The two framings, held together

  • North star (product): judge every capability against the production target: warm multi-node GPU pools, large models, many tenants, no forced scale-to-zero, TLS/SSO/chargeback. Never design out a production capability because a lab artifact makes it look unnecessary (e.g. “scale-to-zero deletes the node, so a node-warm cache is pointless”, wrong for a real warm pool; it is a lab validation caveat, not a product verdict).
  • Counterweight (discipline): the north star alone makes nothing cuttable.

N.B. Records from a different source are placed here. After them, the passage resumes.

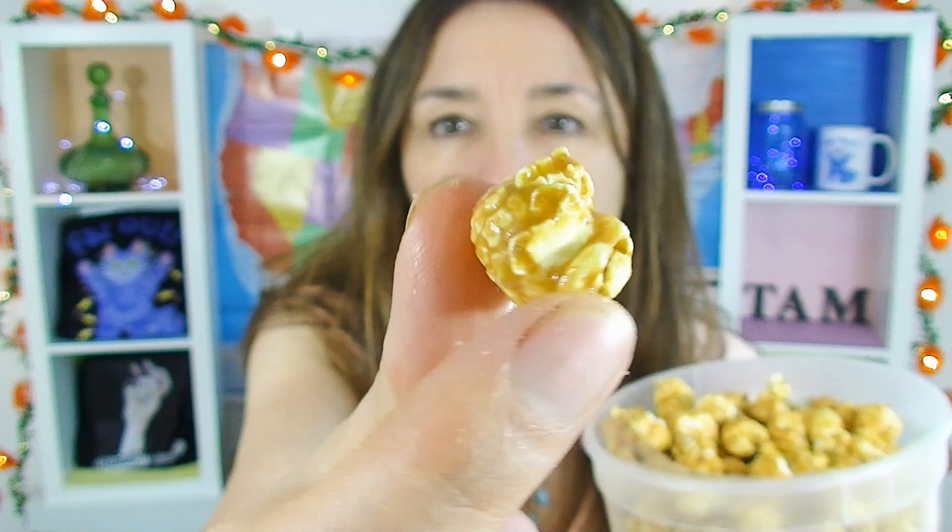Oh, it smells amazing. Look at how beautiful that is. Take a piece — oh, that looks beautiful and golden. Definitely delicious. Look at those beautiful big puffy pieces of corn — the corn itself is nice and fresh. The caramel coating is good. It isn't particularly thick, but at least it's coating the whole thing, which is good, and it's got a lovely flavor to it. Very nice. The fact that it comes in a tub excites me very much.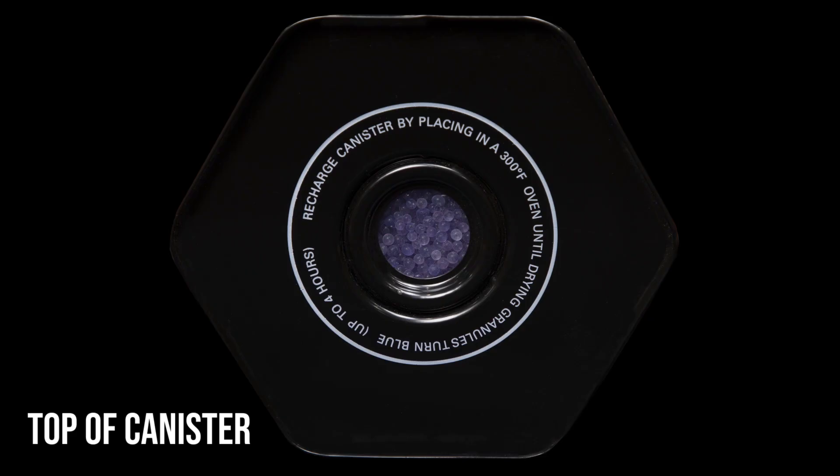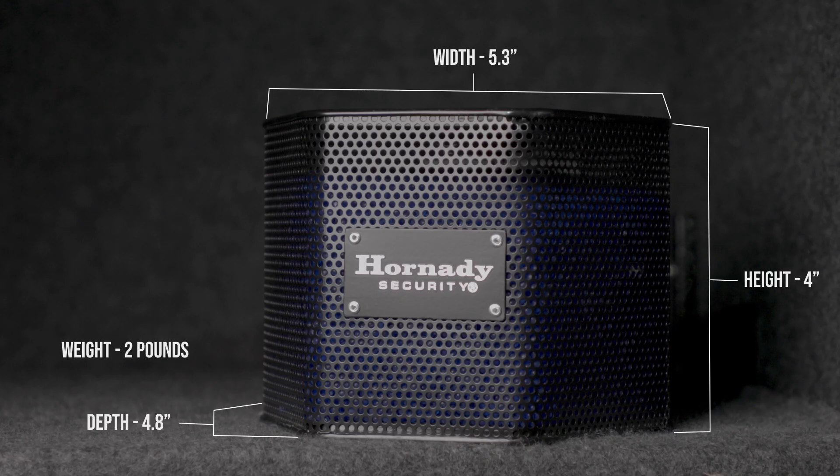Periodically check the canister as the crystals will turn pink when a recharge is needed. Recharge the canister by placing it in a 300 degree oven until the drying granules turn blue. The canister can be recharged an unlimited amount of times and requires no batteries, making this a dehumidifier that will last a lifetime.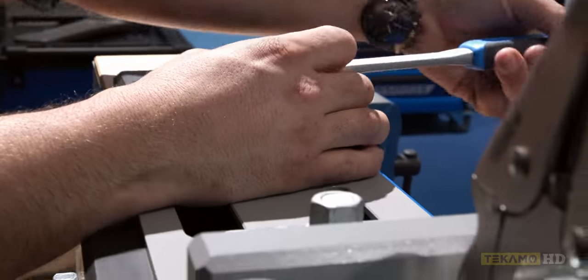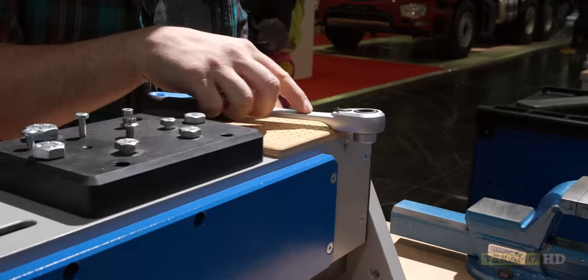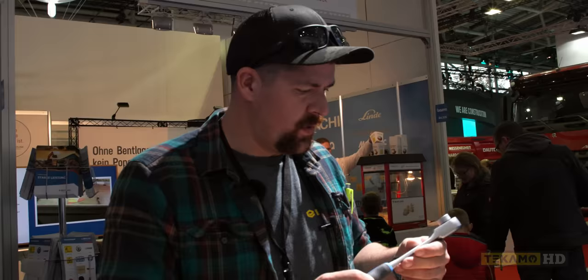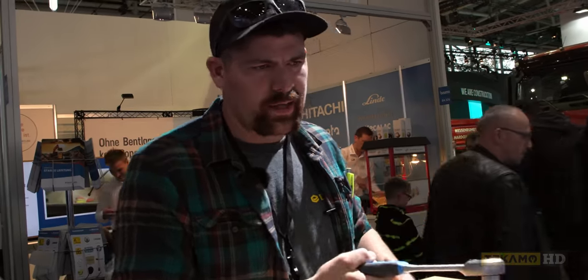Look at that. It's nice. It's super low back drag — it doesn't take much to turn the ratcheting mechanism. It feels pretty scooping. I like the finish on this. They use that kind of matte type of finish, and I actually really like it. It's not too fine.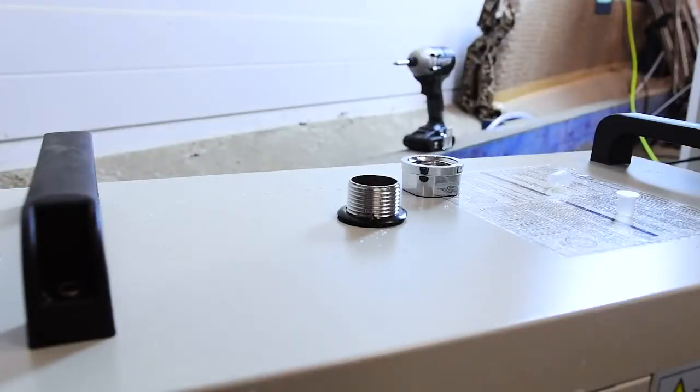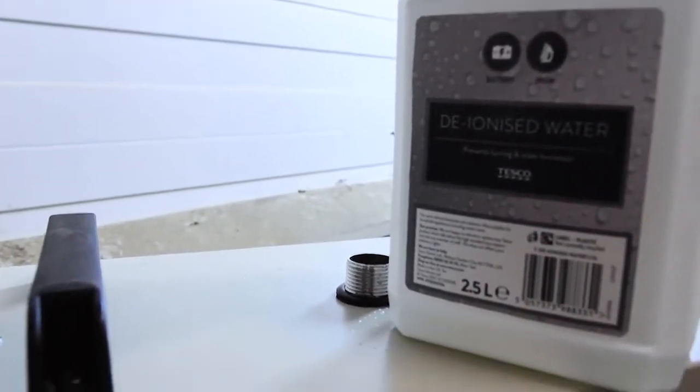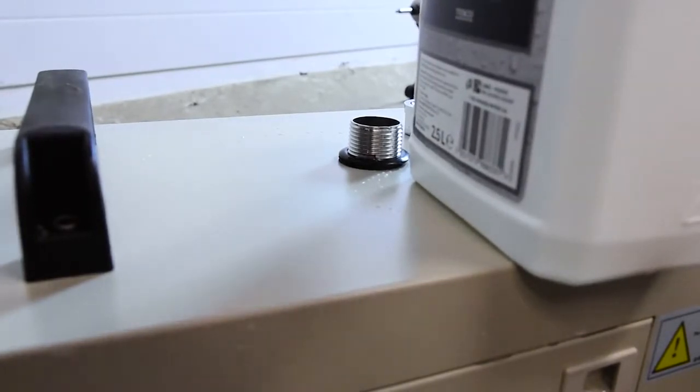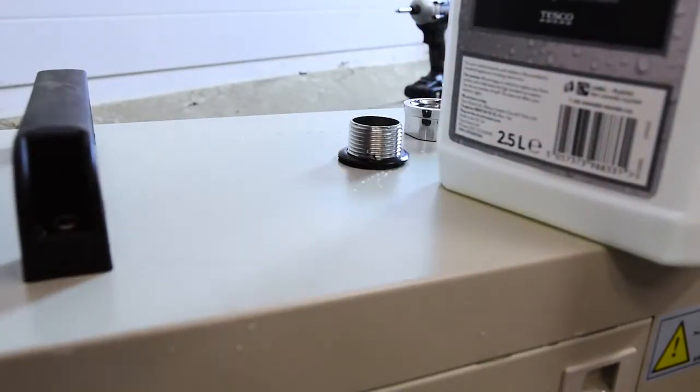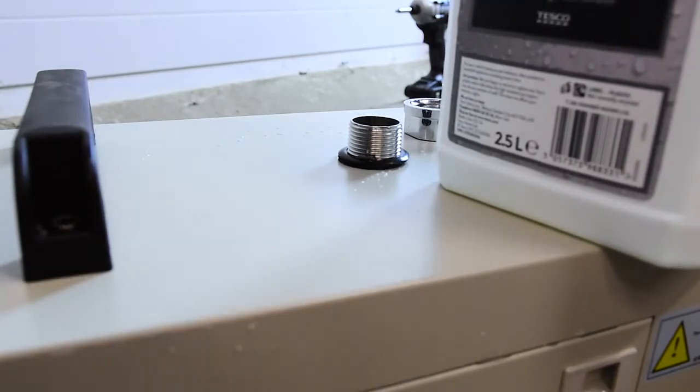Let's get some coolant in. I'm using some deionized water. We completely cleared out the local grocery store of deionized water for this and the CNC router, since they're both going to be using the same chiller.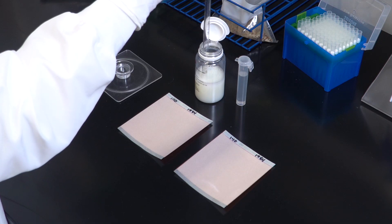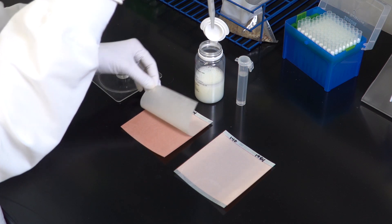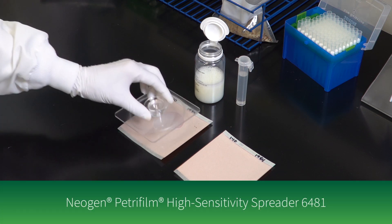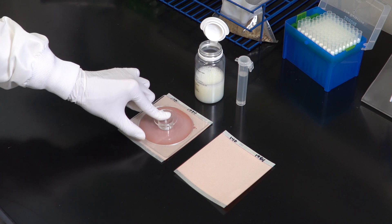To inoculate, lift the top film and dispense five milliliters of the prepared sample onto the center of the bottom film. Roll down the top film and place the Neogen Petri Foam large square spreader over the sample. Press gently to distribute the sample evenly.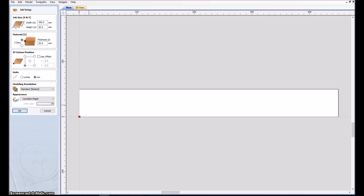Next is going into VCarb, where we specify the job size: 45 centimeters long, 5 centimeters wide lamella, and the thickness of the material I'll be carving is 20 millimeters.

So: before authoring a new capability, prove and ship the slice already in hand. Remaining gaps (in-cluster mTLS, multi-team RBAC, large-model multi-node fan-out) are deferred-and-tracked, never designed-out; HA multi-replica and multi-GPU are validated on the Vast substrate.

Consequences

  • Every other ADR may assume this scope and need not re-litigate “but is this production-ready?”: the answer is recorded here: the architecture targets production; the default deployment is a cheap lab; the HA/multi-GPU path is validated on a separate substrate; gaps are tracked, not hidden.

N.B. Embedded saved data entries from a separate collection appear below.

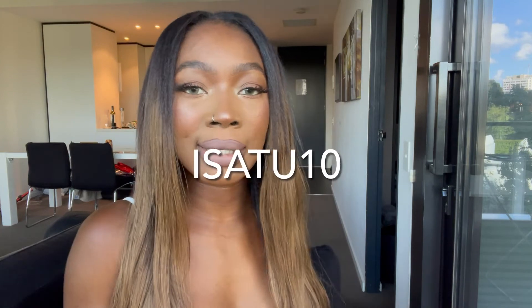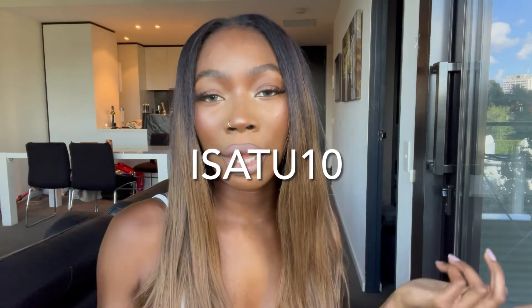They were kind enough to give me a discount code for you guys — it's 10% off and the code is ISATU10. I'll also pop it on the screen. You get 10% off when you make a purchase from them using that code. Thank you guys so much for watching, and don't forget to thumbs up and subscribe — I'll see you in my next video. Bye!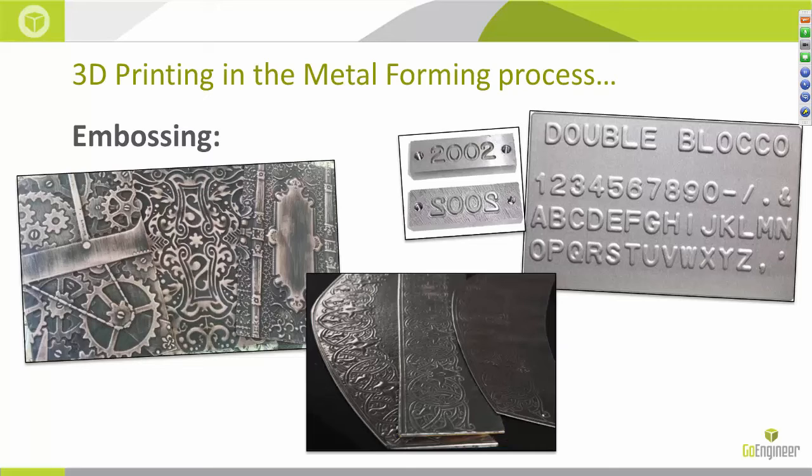You can even take a picture, for instance, convert it to grayscale, and create 3D geometry from it and press that geometry into your sheet metal. It opens up the possibilities substantially.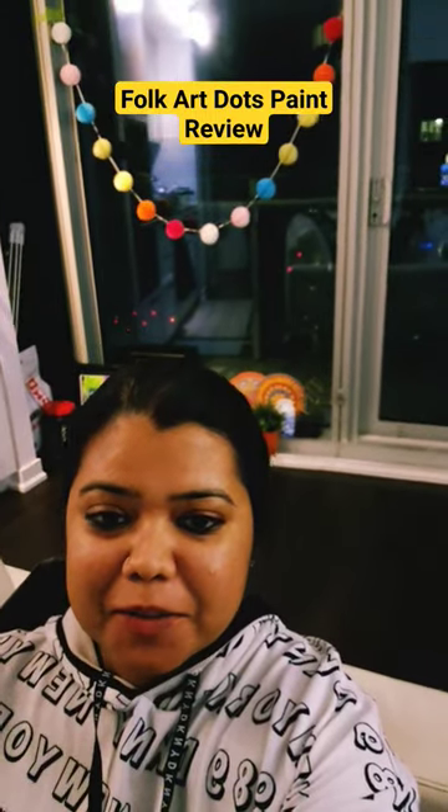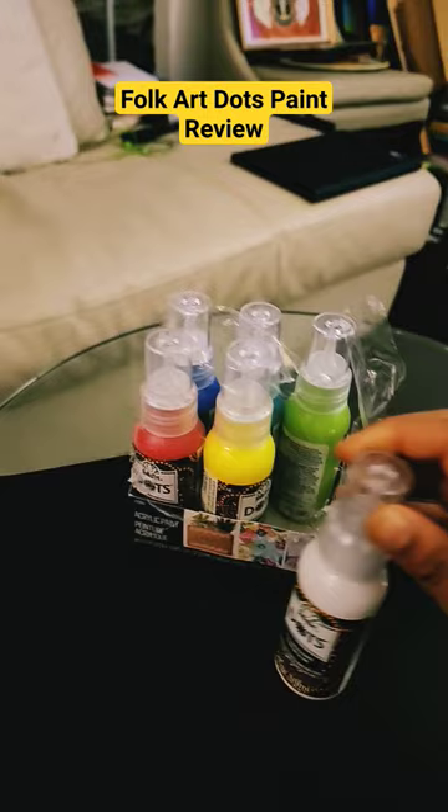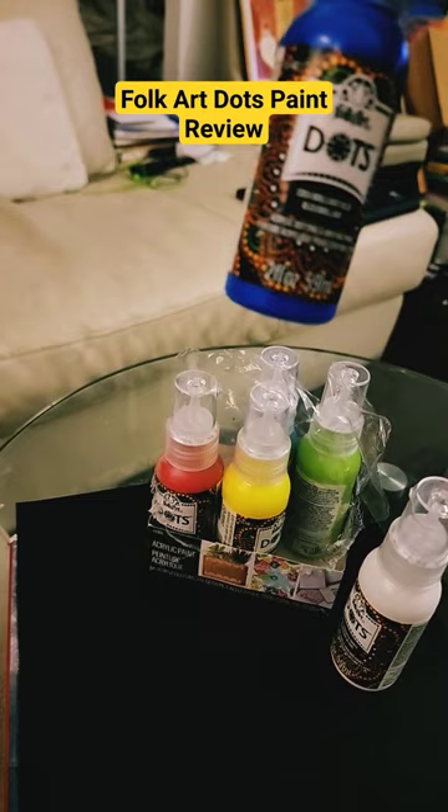I bought some mandala dot paint today. I got this Folk Art mandala dot paint and there are six colors: white, yellow, red, green, sky blue, and brilliant blue. Let's try this — I'll have to open this.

  • A deliberate default-off control (no alerting in the cheap footprint, no in-cluster mTLS) is documented as deliberate (see ADR-0003 (SLO honesty), ADR-0029 (enforcement controls shipped, default-off until multi-tenant), and the public security-posture doc) so it is not mistaken for an oversight.
  • Claims are bounded to what is proven: the publishable claim is a GKE-first reference stack for OpenAI-compatible inference on K8s with GitOps, GPU admission, observability, benchmarks, shipped governance (SSO/policy/guardrails/cost), multi-GPU HA validated on a second substrate, and routing/KServe/llm-d/coder paths; portable across clouds, not a cloud-agnostic production PaaS with a per-cloud SLA.
  • New capabilities are gated by the bar above, not by the north star alone.
Relates to every ADR in this set; most directly ADR-0003 (SLOs are baseline-only), ADR-0006 (lab vs scale serving choices), ADR-0029 (product-grade hardening, shipped default-off), and ADR-0027/ADR-0031 (deployment profiles + feature selection that make the small footprint a configuration, not a constraint).